Cuba, destination trésor a été très long à aboutir et il a eu une destinée un peu singulière: ne paraître en espagnol que deux ans après sa publication en français. La première version du manuscrit je l’ai terminé en 1991, au Brésil. Deux ans plus tôt, j’avais quitté Cuba et, pour des raisons jamais éclaircies, je n’arrivais pas à obtenir la permission pour revenir à mon pays (il m’en fallait une à cette époque). Cuba me manquait cruellement et je supose que j’ai eu besoin de faire le voyage en rêve.

Cette première version n’eut aucun succès auprès des éditeurs brésiliens et espagnols auquels je l’ai adressée. Quelques années plus tard l’île était devenue très à la mode et l’image stéréotypée que je découvrais dans des nombreux récits me laissait assez peu satisfait. Alors, je repris mon idée de raconter aux enfants d’autres pays la découverte de Cuba, à travers les yeux d’une fillette espagnole qui aurait était chargée par un arrière grand-oncle de trouver le trésor qu’il avait laissé enfoui dans la maison qu’il habitait autrefois sur l’île. Plus que le trésor, ce que découvre mon héroïne est la réalité de Cuba, qu’on peut diviser schématiquement en deux: la merveilleuse île tropicale qui reçoit les touristes, et le pays sous-dévéloppé où les Cubains s’efforcent de sauver quelque chose de leur rêve égalitaire.

Avec ce roman je renoue aussi avec mes débuts, non seulement par le type de roman, mais parce que la bande de jeunes Cubains que l’héroïne espagnole rencontre sont les mêmes qui ont joué le beau role dans mon premier roman publié... dix-sept ans plus tôt!

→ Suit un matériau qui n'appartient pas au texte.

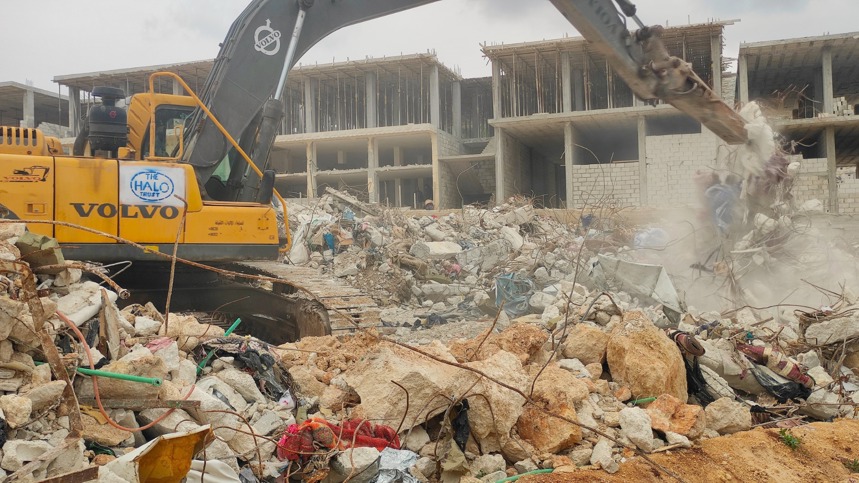 Excavator moves debris from a large pile of rubble outside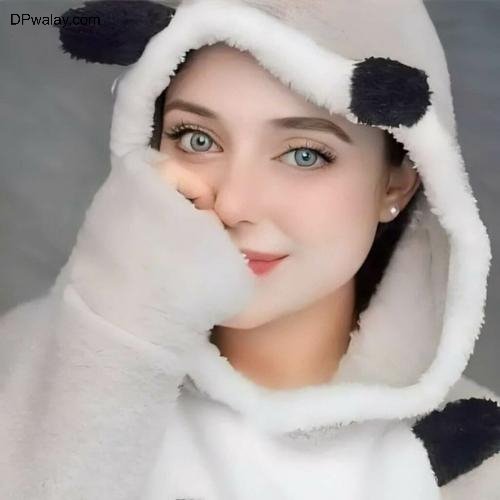 a woman wearing a panda costume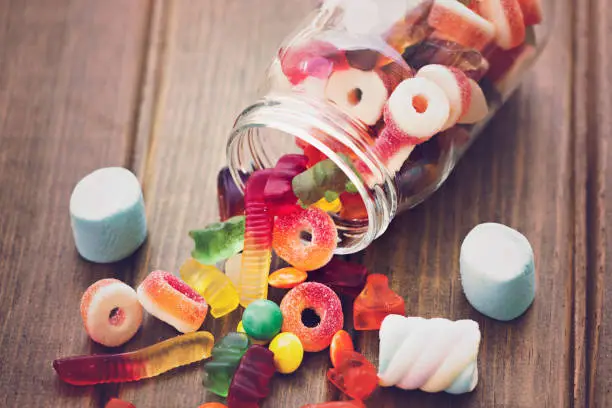 Photo of Various sugary candy in a glass jar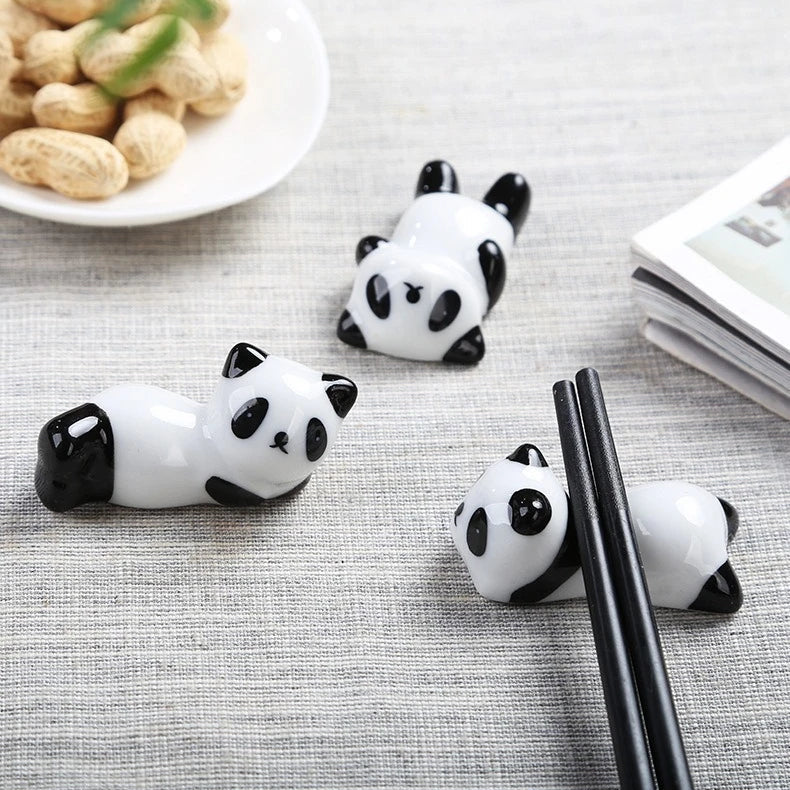 Three panda-shaped kawaii chopstick holders on a table with peanuts and a book in the background.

Ricochet : Y-a-t-il des thèmes que vous ne pourriez pas aborder dans vos ouvrages ?
Joel Franz Rosell : Tout thème qui ne me passionne pas m’est defendu. On ne fait pas de fiction avec des thèmes mais avec des intrigues, avec des personnages, avec des mots soigneusement choisis. Le thème ne doit jamais faire surface et ne doit pas lester l’oeuvre non plus. Sa place est celle du squelette, celle du sang. Le thème doit être intégré à la subtile structure de l’oeuvre et pour cela il faut que l’écrivain soit si imprégné du thème qu’il n’ait même pas conscience de son existence.

Il y a des sujets qui m’intéressent beaucoup sans que j’ose les aborder tout simplement parce que je ne les connais pas assez. Je pense que tout ce qui a rapport à la vie quotidienne des enfants et des jeunes –qu’ils soient Cubains ou Français- doit être discuté entre les écrivains et leurs lecteurs avec franchise et profondeur. Pourtant, le stéréotype et l’opportunisme pullulent dans l’édition pour la jeunesse parce qu’il y a des éditeurs qui veulent disposer d’un catalogue thématique complet et des écrivains qui acceptent la commande en se contentant d’un dossier sommaire pour se documenter.

Les thèmes, en général, sont les mêmes pour les enfants d’aujourd’hui ou d’autrefois et beaucoup de nos problèmes resteront pour les hommes et les enfants du futur. Finalement, il n’y a pas non plus de différences fondamentales entre les enfants qui lisent en France, à Cuba, en Espagne, au Brésil ou ailleurs (mes livres ont été lus et publiés dans ces pays et dans bien d’autres où je n’ai jamais mis les pieds). Je préfère, donc, la perspective du conte, avec ses espaces imaginaires et son intemporalité. Là, je crois pouvoir aborder des thèmes qui intéressent, qui amusent, qui inquiètent mes jeunes lecteurs, avec profondeur mais avec la distance nécessaire pour que ce soit une expérience plus stylisée, plus générale, plus dans la durée.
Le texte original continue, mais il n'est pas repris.